Sous la houlette d’un directeur s’affichant ouvertement comme anti-corporation des c.o., l’UQAM fit évoluer son baccalauréat et plus tard sa maitrise vers le concept émergeant de carriérologie10 (cf. ROSS). Récemment, à l’occasion de ses dernières révisions de programmes, l’UQAM opta pour une terminologie de l’heure et davantage conventionnelle en privilégiant les mots « développement » et « counseling » pour décrire ses programmes de premier et de deuxième cycles.
En contrepartie, exploitant à fond le modèle interactionniste, l’Université de Sherbrooke opérationnalisa dès le début des années 80 dans ses programmes, tant théoriquement que pratiquement, le concept de dynamique INDIVIDU-ÉTUDE-TRAVAIL, concept intégrant entre autres l’orientation scolaire et professionnelle, d’où la démarche de cette université pour obtenir une admission automatique à l’Ordre des c.o. Parallèlement, à l’occasion d’un congrès tenu à Sherbrooke en 1981, l’Ordre s’appropria ce concept triangulaire pour définir sa spécificité. Il est reconnu que j’ai grandement contribué à ces efforts d’opérationnalisation de ce concept en développant, entre autres, les occasions dites carriérologiques (Limoges, 2018; 1992; 1983).

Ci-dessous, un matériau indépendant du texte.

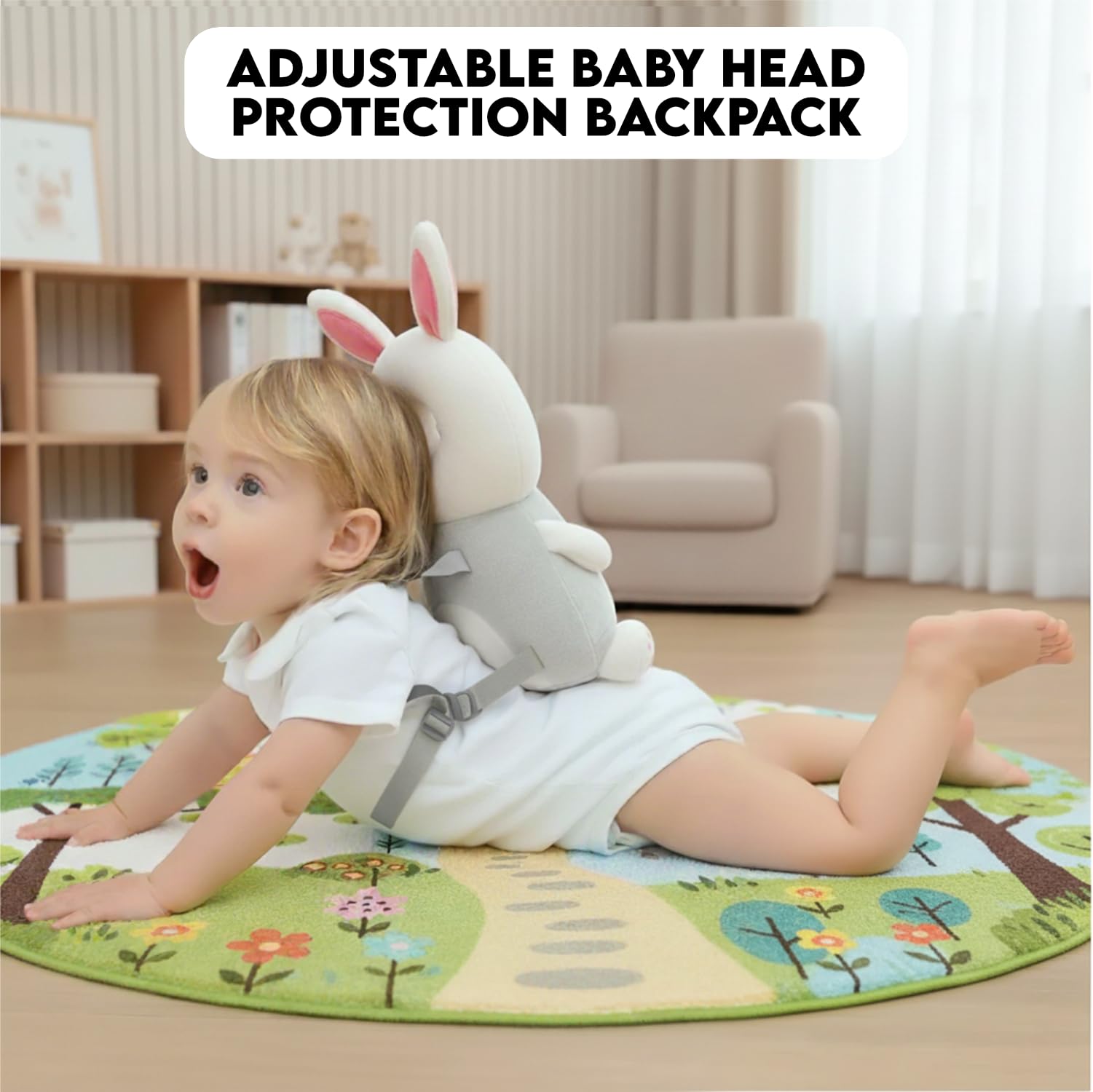 LaSognna baby wearing the backpack during play shows confident mobility.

Du concept d’I-E-T à celui d’I-T-F
Au cours de sa défusion en 1990 et surtout lors de l’application du projet de loi 21 visant à réduire le nombre d’ordres professionnels au Québec en ne capitalisant que sur les compétences exclusives, le nouvel ordre pour les c.o. (OCCOQ) créa un comité en vue de définir cette spécificité et, m’a-t-on dit, la dynamique INDIVIDU-ÉTUDE-TRAVAIL semblait le concept le plus rassembleur quoi que, m’a-t-on dit encore, on craignait que ce choix pur et simple soit perçu comme un biais pro-Sherbrooke et anti-UQAM. J’ajouterais l’hypothèse en référence aux conceptions typiquement nord-américaines, comme se situant davantage dans la foulée de la guidance que du counseling du fait que la mot Étude – sous toutes ses formes donc au singulier pour signifier le générique – précède le mot Travail et apparait donc comme ayant la préséance dans la temps, et ce, sans compter que d’autres intervenants tels les conseillers en ISEP, les tuteurs, les aides pédagogiques individuels (API) et les conseillers pédagogiques pouvaient éventuellement revendiquer avec justesse une part de la spécificité qu’est l’Information scolaire.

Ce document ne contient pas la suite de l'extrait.